▶ _TASK DESCRIPTION_
What you return should match the data below exactly, with no pictures in it.
==== RAW DATA
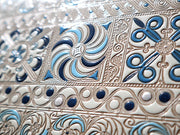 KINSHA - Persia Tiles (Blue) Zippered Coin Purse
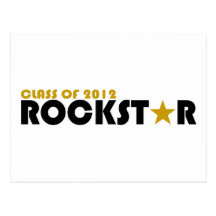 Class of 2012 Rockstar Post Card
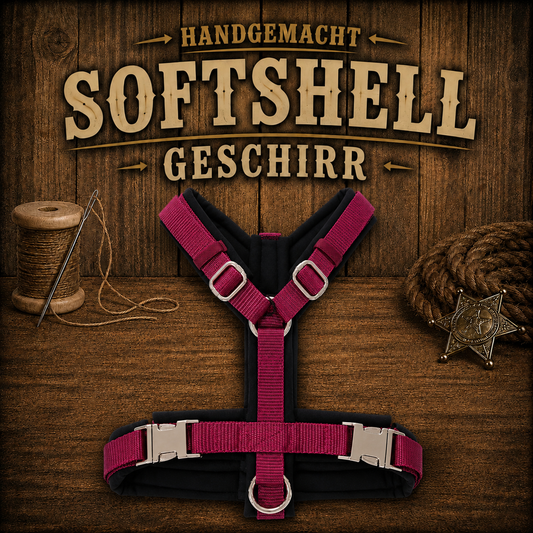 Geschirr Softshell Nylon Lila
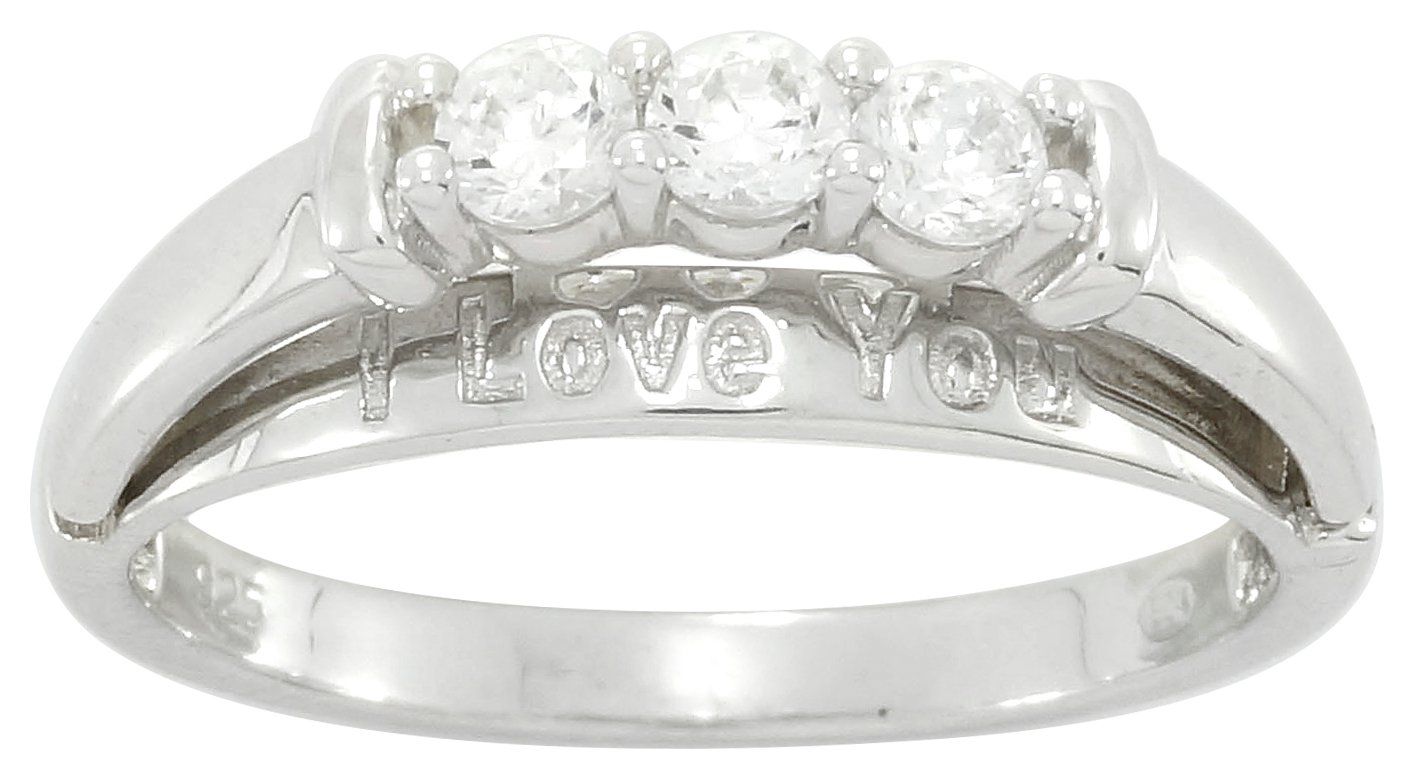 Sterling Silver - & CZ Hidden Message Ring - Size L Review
========
▶ _EXPECTED ANSWER_
 KINSHA - Persia Tiles (Blue) Zippered Coin Purse
 Class of 2012 Rockstar Post Card
 Geschirr Softshell Nylon Lila
 Sterling Silver - & CZ Hidden Message Ring - Size L Review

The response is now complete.